BRIEF: Exactly those lines that run from the one containing "this 452×557 image." through the last line of the entries below should be printed, and no others.

DATA EXCERPTS:
= Beginning of Section =
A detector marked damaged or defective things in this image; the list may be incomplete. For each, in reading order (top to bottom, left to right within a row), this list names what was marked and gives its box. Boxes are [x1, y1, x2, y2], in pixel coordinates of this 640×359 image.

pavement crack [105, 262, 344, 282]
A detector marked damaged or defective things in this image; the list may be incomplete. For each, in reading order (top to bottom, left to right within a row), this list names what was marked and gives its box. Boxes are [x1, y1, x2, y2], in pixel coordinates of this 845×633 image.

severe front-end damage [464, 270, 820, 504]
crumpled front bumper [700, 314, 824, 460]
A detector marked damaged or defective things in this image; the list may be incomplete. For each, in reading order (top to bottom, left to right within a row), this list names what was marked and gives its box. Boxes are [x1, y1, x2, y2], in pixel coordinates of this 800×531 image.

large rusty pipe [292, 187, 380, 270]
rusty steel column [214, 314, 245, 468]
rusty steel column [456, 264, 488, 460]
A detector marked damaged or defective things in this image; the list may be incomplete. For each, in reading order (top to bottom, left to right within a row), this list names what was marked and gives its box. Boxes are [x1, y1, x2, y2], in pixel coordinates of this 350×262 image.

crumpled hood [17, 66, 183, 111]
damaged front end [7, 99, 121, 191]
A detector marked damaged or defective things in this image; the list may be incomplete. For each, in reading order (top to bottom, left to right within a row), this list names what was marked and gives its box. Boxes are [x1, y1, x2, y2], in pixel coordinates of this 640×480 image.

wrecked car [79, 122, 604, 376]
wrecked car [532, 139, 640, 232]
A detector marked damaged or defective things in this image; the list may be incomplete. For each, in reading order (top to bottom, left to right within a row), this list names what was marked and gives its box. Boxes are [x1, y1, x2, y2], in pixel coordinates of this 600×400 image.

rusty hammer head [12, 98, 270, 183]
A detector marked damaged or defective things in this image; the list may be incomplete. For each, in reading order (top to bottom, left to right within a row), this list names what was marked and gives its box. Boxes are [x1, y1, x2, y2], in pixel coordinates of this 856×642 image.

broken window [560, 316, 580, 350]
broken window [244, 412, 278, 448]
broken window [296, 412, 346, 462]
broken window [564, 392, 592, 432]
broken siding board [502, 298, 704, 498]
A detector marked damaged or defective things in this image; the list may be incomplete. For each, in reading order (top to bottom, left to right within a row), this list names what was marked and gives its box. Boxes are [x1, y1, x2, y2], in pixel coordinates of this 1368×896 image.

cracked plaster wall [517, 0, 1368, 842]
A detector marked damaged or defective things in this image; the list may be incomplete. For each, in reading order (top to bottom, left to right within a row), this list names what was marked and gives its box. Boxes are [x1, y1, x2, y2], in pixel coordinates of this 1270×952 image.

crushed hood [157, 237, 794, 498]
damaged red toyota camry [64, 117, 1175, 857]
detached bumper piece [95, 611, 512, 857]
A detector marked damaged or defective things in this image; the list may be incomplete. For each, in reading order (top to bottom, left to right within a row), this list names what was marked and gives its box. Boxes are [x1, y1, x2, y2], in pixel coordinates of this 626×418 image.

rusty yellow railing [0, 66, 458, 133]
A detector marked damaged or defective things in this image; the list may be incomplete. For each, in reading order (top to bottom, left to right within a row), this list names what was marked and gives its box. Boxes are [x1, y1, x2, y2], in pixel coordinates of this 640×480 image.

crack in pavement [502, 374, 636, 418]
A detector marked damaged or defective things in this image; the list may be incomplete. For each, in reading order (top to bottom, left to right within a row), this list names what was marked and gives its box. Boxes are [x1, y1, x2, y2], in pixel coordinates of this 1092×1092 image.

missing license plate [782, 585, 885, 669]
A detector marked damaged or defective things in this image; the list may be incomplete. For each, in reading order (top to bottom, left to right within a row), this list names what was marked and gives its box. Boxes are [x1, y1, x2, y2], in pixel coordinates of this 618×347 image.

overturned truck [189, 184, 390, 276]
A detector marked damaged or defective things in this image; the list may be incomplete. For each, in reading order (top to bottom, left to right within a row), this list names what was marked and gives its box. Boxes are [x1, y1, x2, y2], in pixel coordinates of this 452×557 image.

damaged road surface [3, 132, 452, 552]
= End of Section =
ANSWER TO THIS EXERCISE:
A detector marked damaged or defective things in this image; the list may be incomplete. For each, in reading order (top to bottom, left to right within a row), this list names what was marked and gives its box. Boxes are [x1, y1, x2, y2], in pixel coordinates of this 452×557 image.

damaged road surface [3, 132, 452, 552]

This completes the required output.